# Exercise directions
Return the data below exactly, but only from the line containing "Butler's tray in" through the line containing "4x in Calgary", with both of those lines included.

# Data extracts
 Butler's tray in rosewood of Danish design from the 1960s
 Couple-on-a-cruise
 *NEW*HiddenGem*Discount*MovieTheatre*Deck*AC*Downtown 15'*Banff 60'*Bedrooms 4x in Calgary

* * *

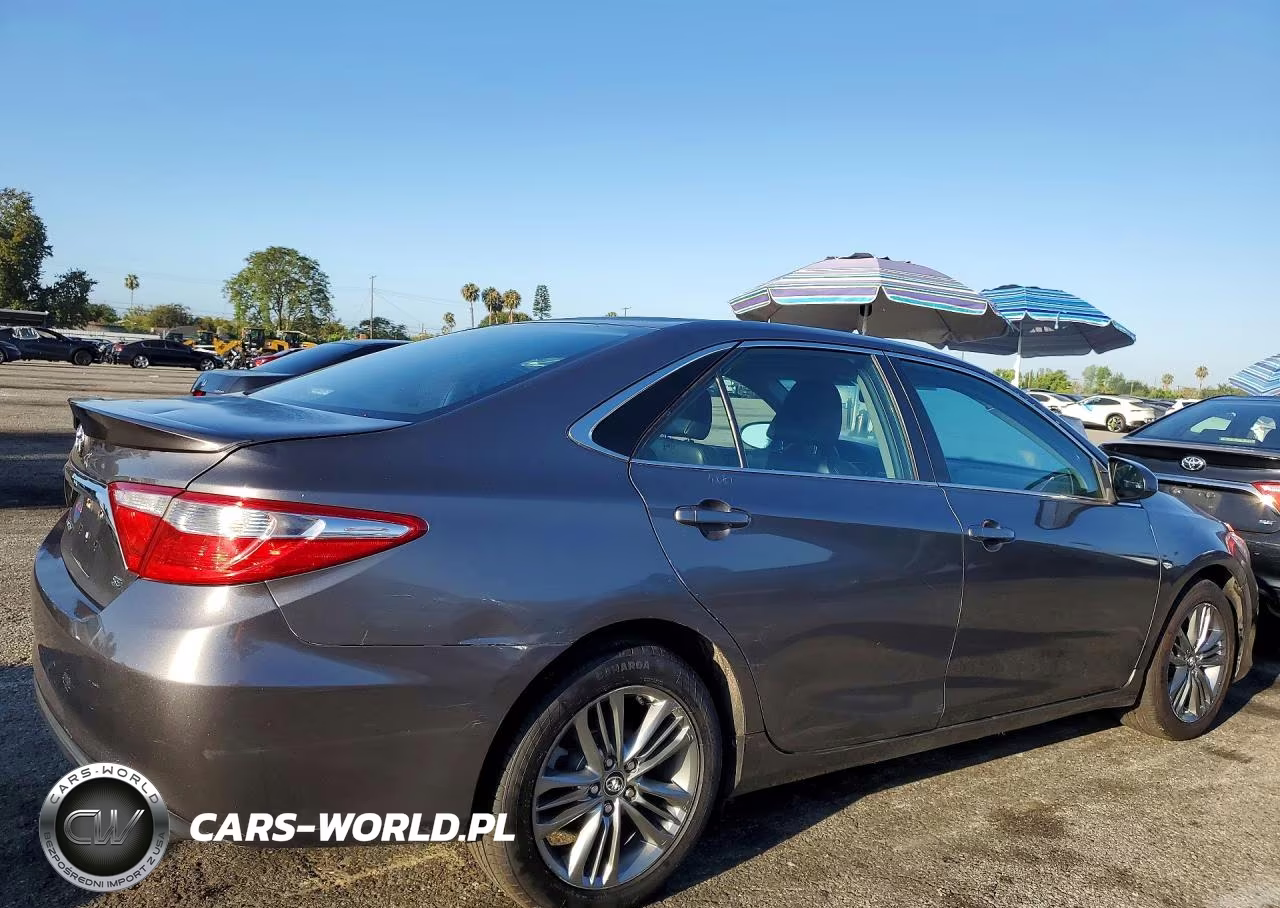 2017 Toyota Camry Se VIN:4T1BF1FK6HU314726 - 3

--

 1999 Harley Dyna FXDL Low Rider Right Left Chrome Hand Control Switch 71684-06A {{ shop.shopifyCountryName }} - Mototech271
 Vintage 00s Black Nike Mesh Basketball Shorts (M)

# Response area
 Butler's tray in rosewood of Danish design from the 1960s
 Couple-on-a-cruise
 *NEW*HiddenGem*Discount*MovieTheatre*Deck*AC*Downtown 15'*Banff 60'*Bedrooms 4x in Calgary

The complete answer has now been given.